BT had asked Ofcom to reconsider the prices it allows the company to charge other communications providers to deliver services to consumers.
Ofcom already takes into account the cost of running the pension scheme when it decides the amount BT can charge.
But BT wanted that to be extended to take into account the extra costs of topping up its pension scheme deficit.
That is understood to be currently around £7.5bn ($11.6bn).
Ofcom, external asked those affected whether there were good reasons to change the way pension costs were currently accounted for when setting regulated charges.
After taking these views into account, the regulator said it had not seen any compelling evidence that would justify changes to prices set for BT's wholesale Openreach service - which leases dedicated lines to companies - to take account of reducing the pensions deficit.

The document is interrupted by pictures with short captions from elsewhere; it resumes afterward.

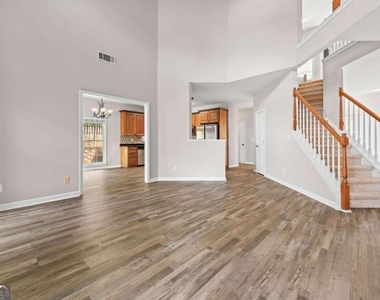 2878 Calhoun Square - Photo Thumbnail 13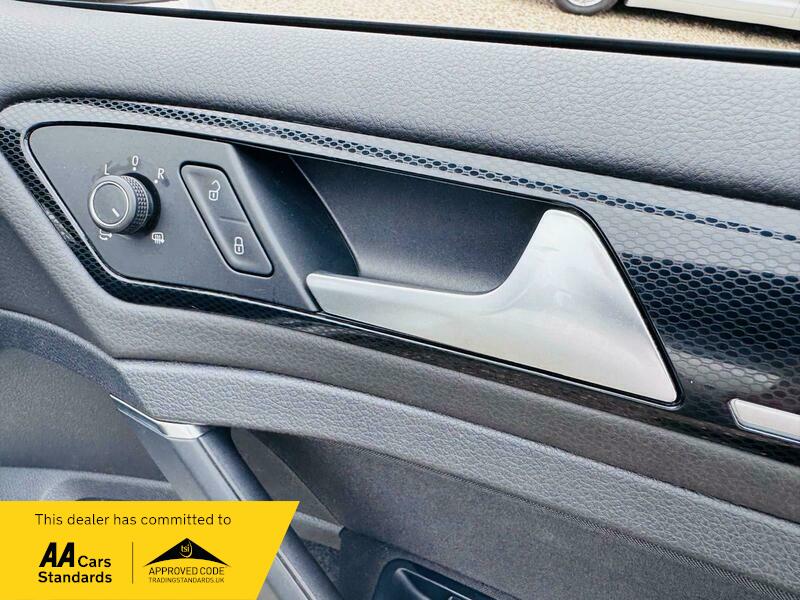 Used Volkswagen Golf 2015 for sale - 76029855: Photo 24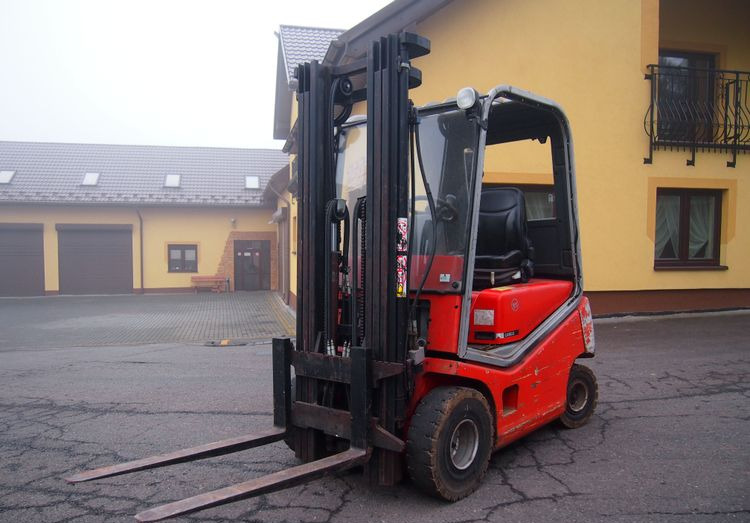 Wózek widłowy Toyota 8f 2011 TRIPLEX - Gázüzemű targonca: 2 kép. Wózek widłowy Toyota 8f 2011 TRIPLEX - Gázüzemű targonca: 2 kép.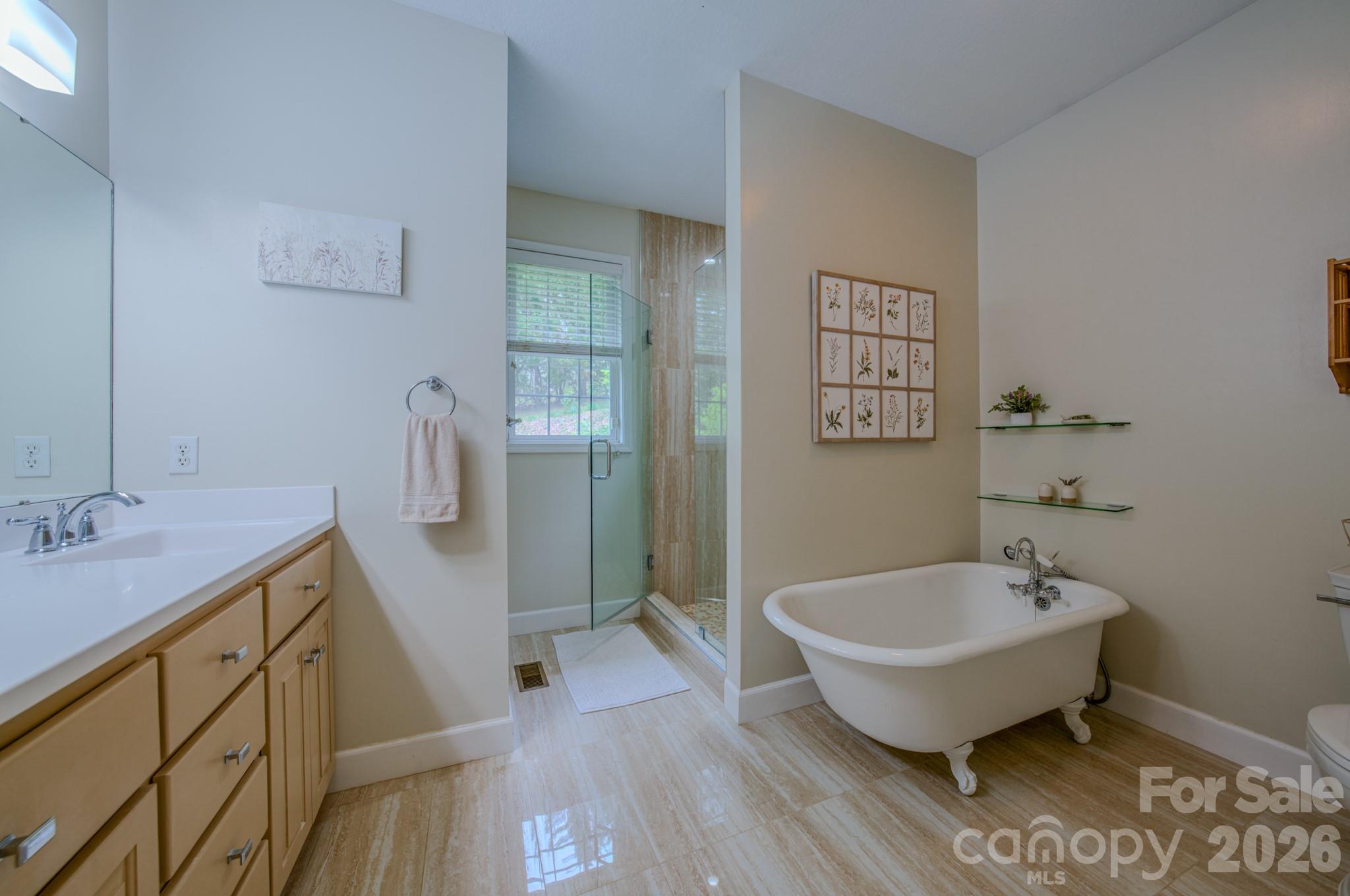 9 Double Eagle Drive — Weaverville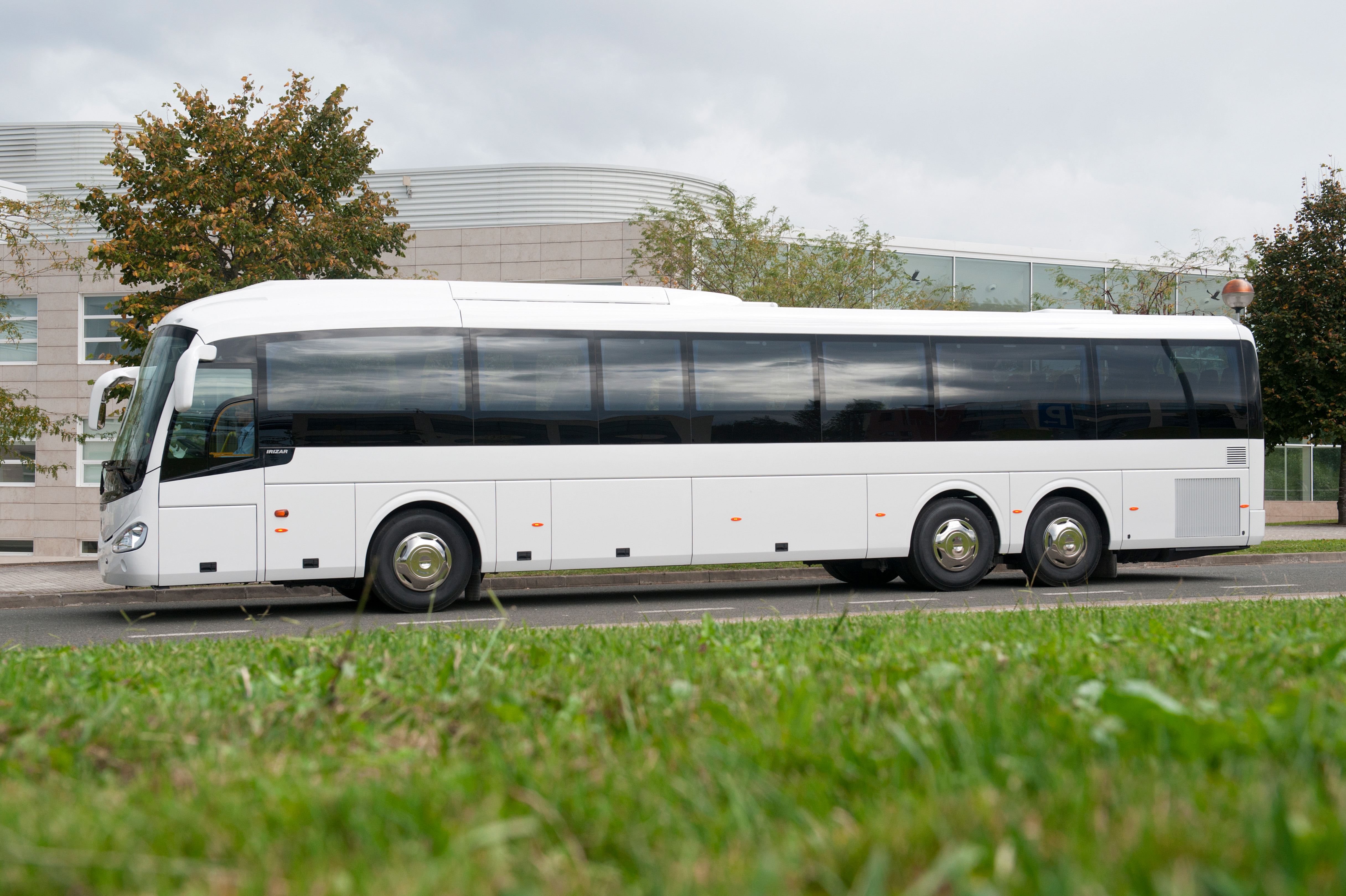 Read more about the article Scania podpisuje umowę na nowe autobusy biogazowe do obsługi tras międzymiastowych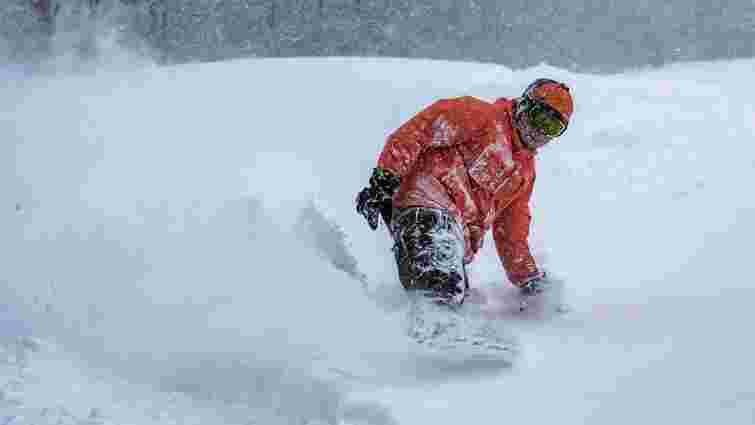 Рятувальники знайшли київського сноубордиста, який заблукав біля Драгобрата
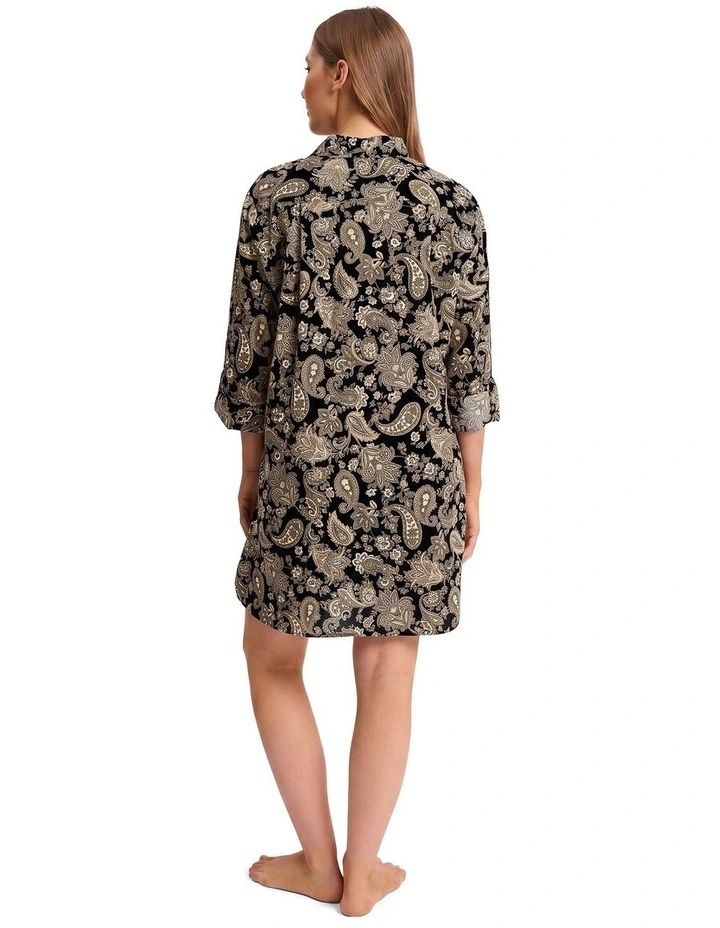 Priya Painters Shirt in Black and White Paisley Print image 2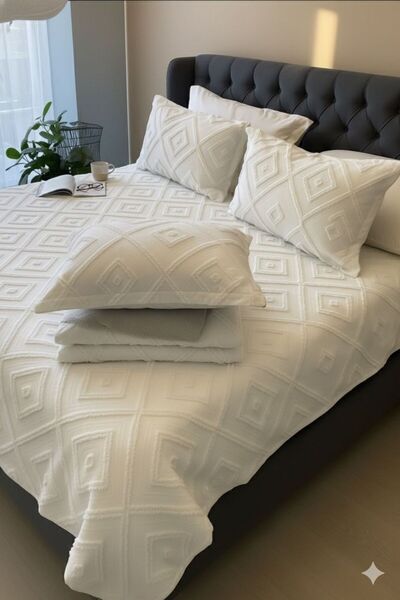 BUGİ HOME COLLECTİON Geometric Nordic Double Bedspread 240 X 250 cm and 2 Pillows Ecru Color Chenille Embroidered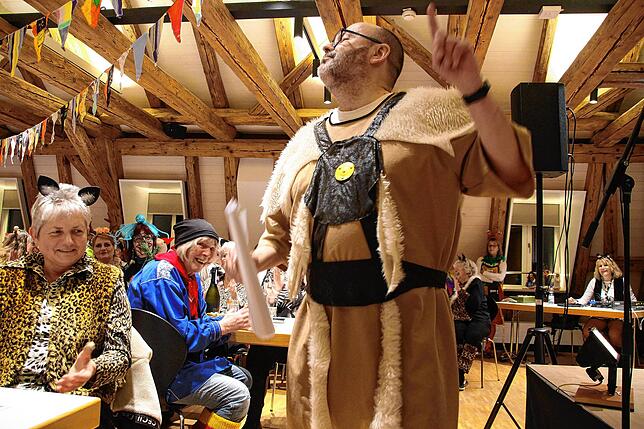Bild 14: Bilder von der Markdorfer Frauenfasnet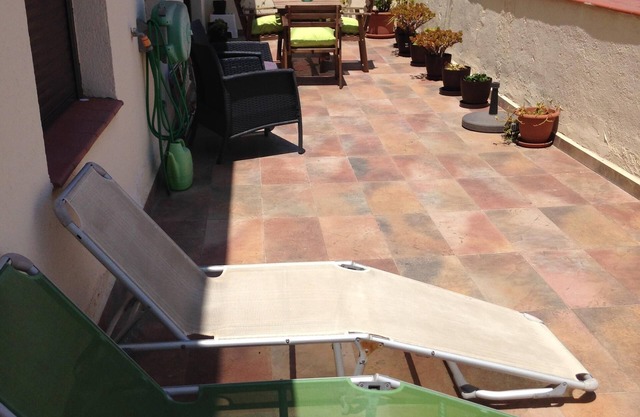 Sunny and quiet penthouse with large terrace. WIFI.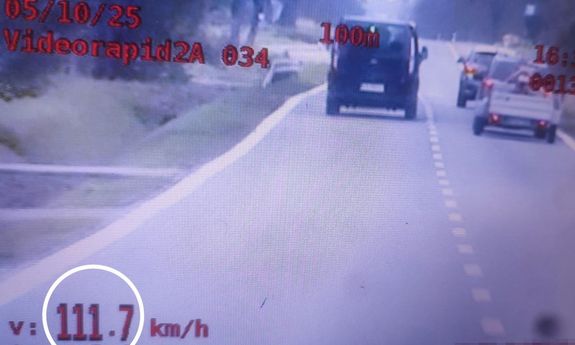Dwukrotnie jechał z prędkością 111 km/h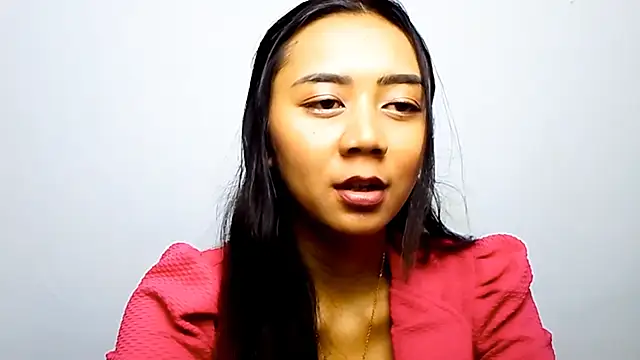 Snapshot of KristieOrtmann chatting on June 18, 2026, 9:14 am KristieOrtmann online show from June 18, 2026, 9:14 am
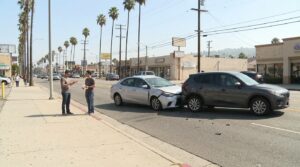 Accidente con conductor sin seguro en Los Ángeles y vehículos involucrados en una colisión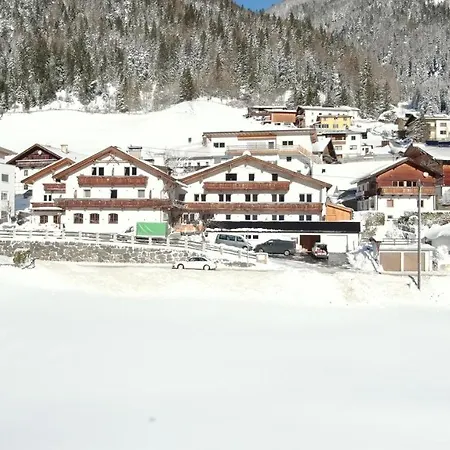 Alpen Hohe Burg Hotel Trins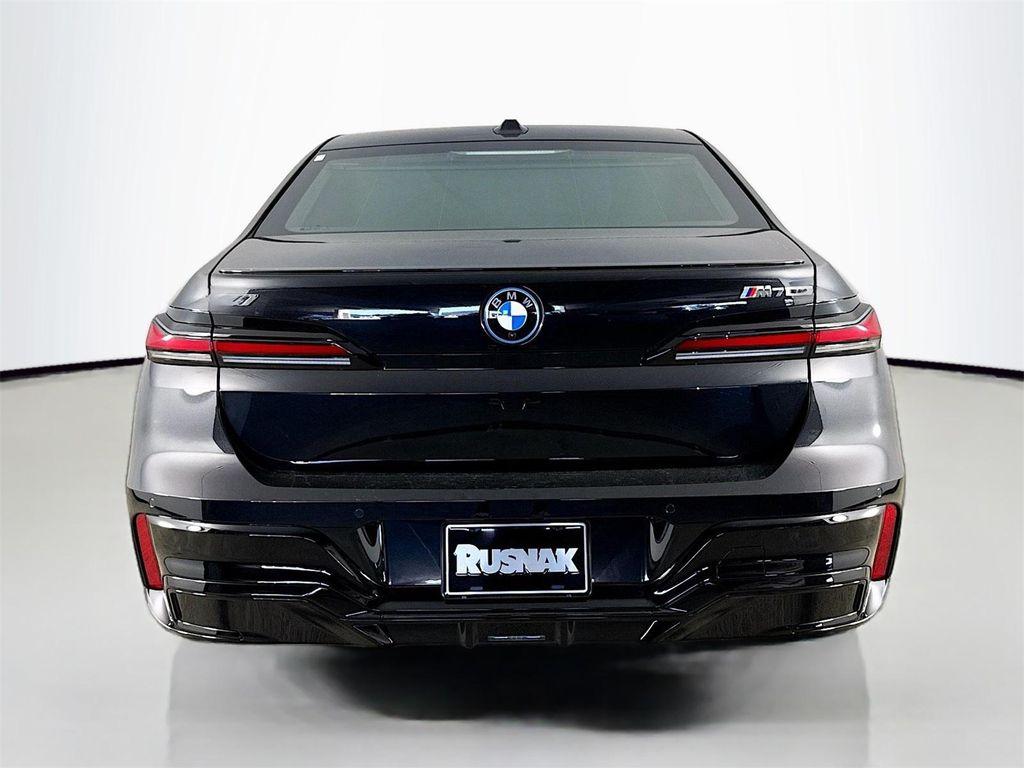 new 2026 BMW i7 car, priced at $189,050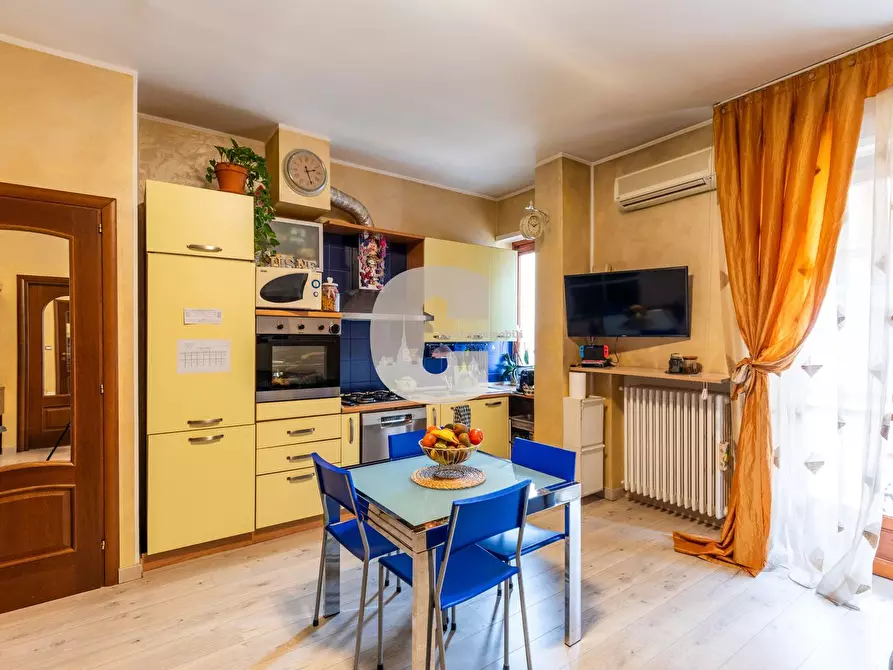 Immagine 8 di Appartamento in vendita  in Colonna Vittoria a Torino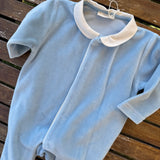 Tutina in ciniglia azzurro con colletto rotondo BG530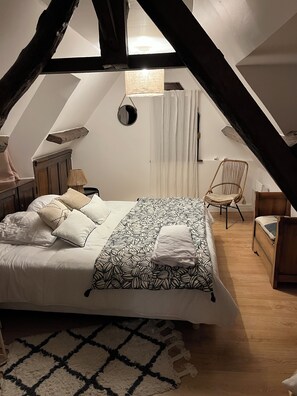 2 chambres, bureau, lit de bébé portatif, accÚs au Wi-Fi (inclus)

BT, external said other companies had been allowed to rebuild their pension schemes by increasing regulated charges.
Detailed review
A statement from the company said: "It is right that Ofcom has considered this matter, as there is regulatory precedent from other industries for BT to be able to recover some proportion of its total pension costs through regulated charges. "
The company added it would be reviewing Ofcom's proposals in detail.
It is understood the company was expecting any change in its favour to result in tens of millions of pounds in revenue.
The regulator revealed last December it was looking at an option to make firms such as TalkTalk and BSkyB pay up to 4% extra for using wholesale telephony from BT to help cover pension deficit payments.
The inquiry was launched last year after BT's deficit soared and the regulator became concerned the scale of its pension payments could affect its costs.